◆ Work item ◆
Copy out exactly the stretch below, from the line with "Pictures of Retail" through the line with "Novotel Paris Gare", both included; the pictures stay out.
BEGIN Records provided
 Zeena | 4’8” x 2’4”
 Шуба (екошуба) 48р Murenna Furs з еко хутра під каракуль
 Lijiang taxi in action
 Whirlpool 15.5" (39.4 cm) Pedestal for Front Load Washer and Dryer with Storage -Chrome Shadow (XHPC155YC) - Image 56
END Records provided
BEGIN Records provided
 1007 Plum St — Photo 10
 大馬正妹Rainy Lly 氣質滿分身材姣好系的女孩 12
END Records provided
BEGIN Records provided
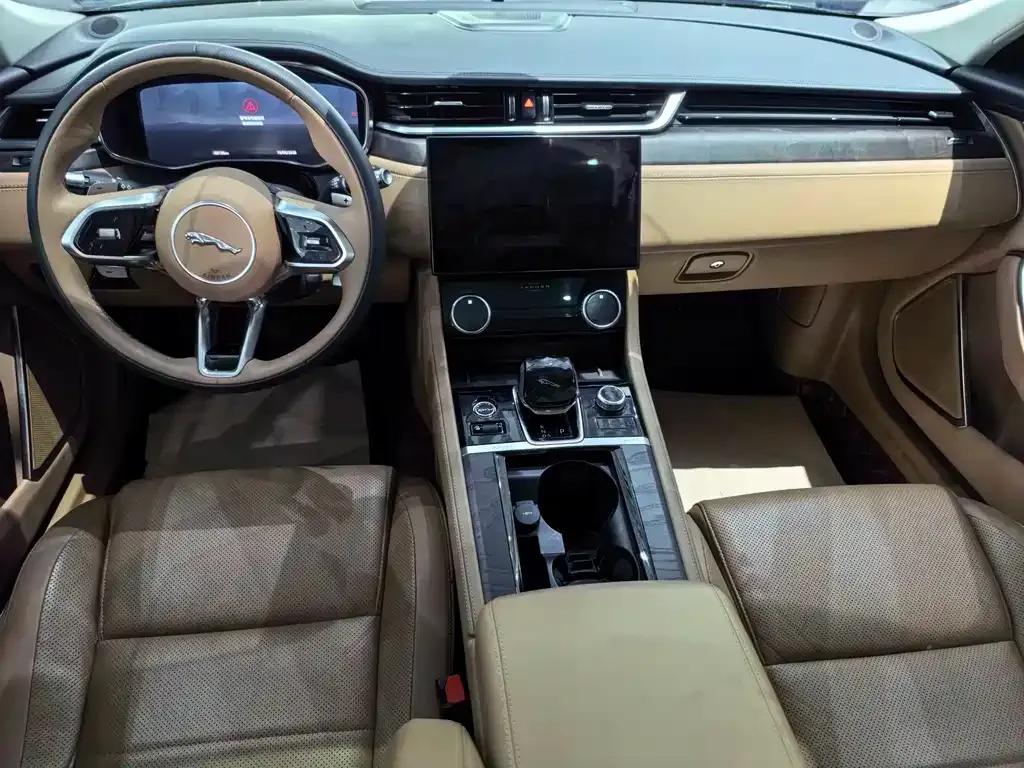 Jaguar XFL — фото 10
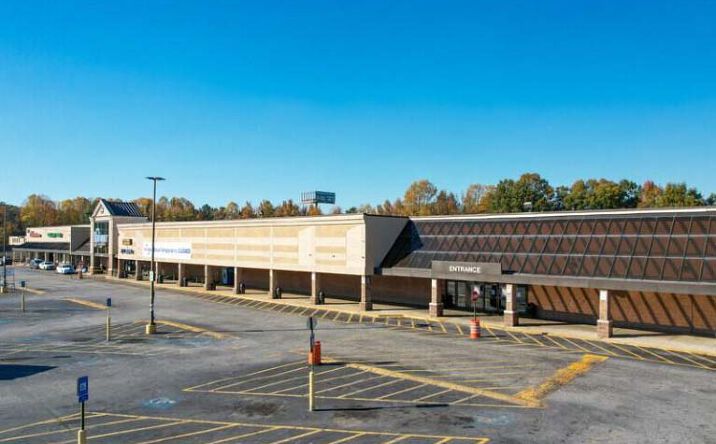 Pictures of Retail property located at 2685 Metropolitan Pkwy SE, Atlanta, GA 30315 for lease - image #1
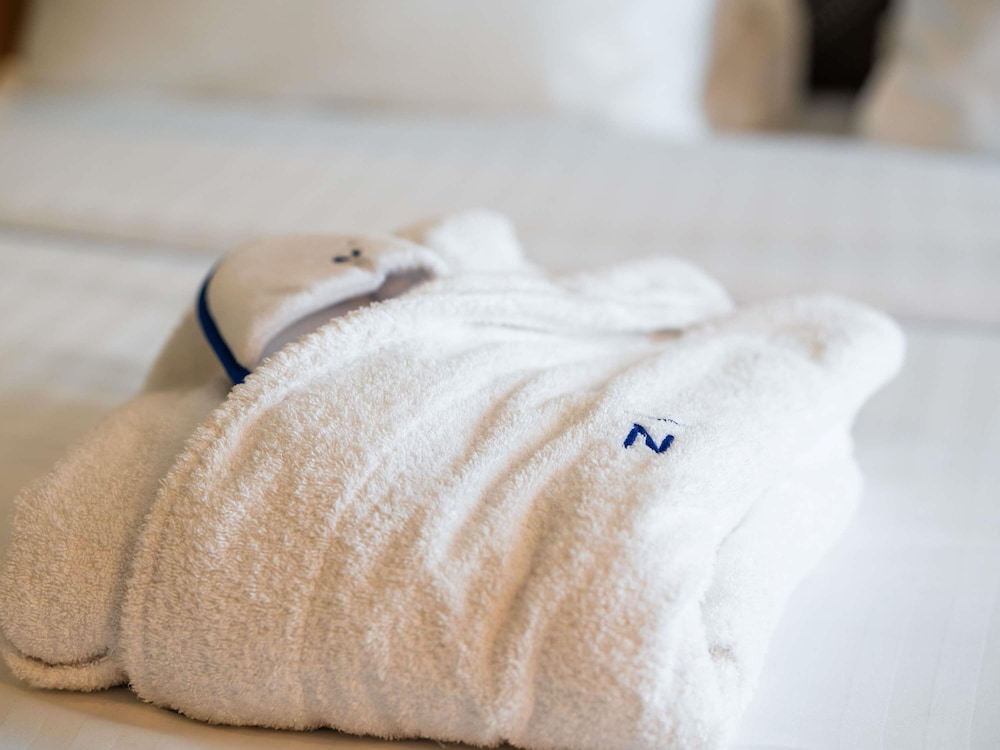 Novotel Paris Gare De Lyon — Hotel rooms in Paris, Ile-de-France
END Records provided
◆ Solved exercise ◆
 Pictures of Retail property located at 2685 Metropolitan Pkwy SE, Atlanta, GA 30315 for lease - image #1
 Novotel Paris Gare De Lyon — Hotel rooms in Paris, Ile-de-France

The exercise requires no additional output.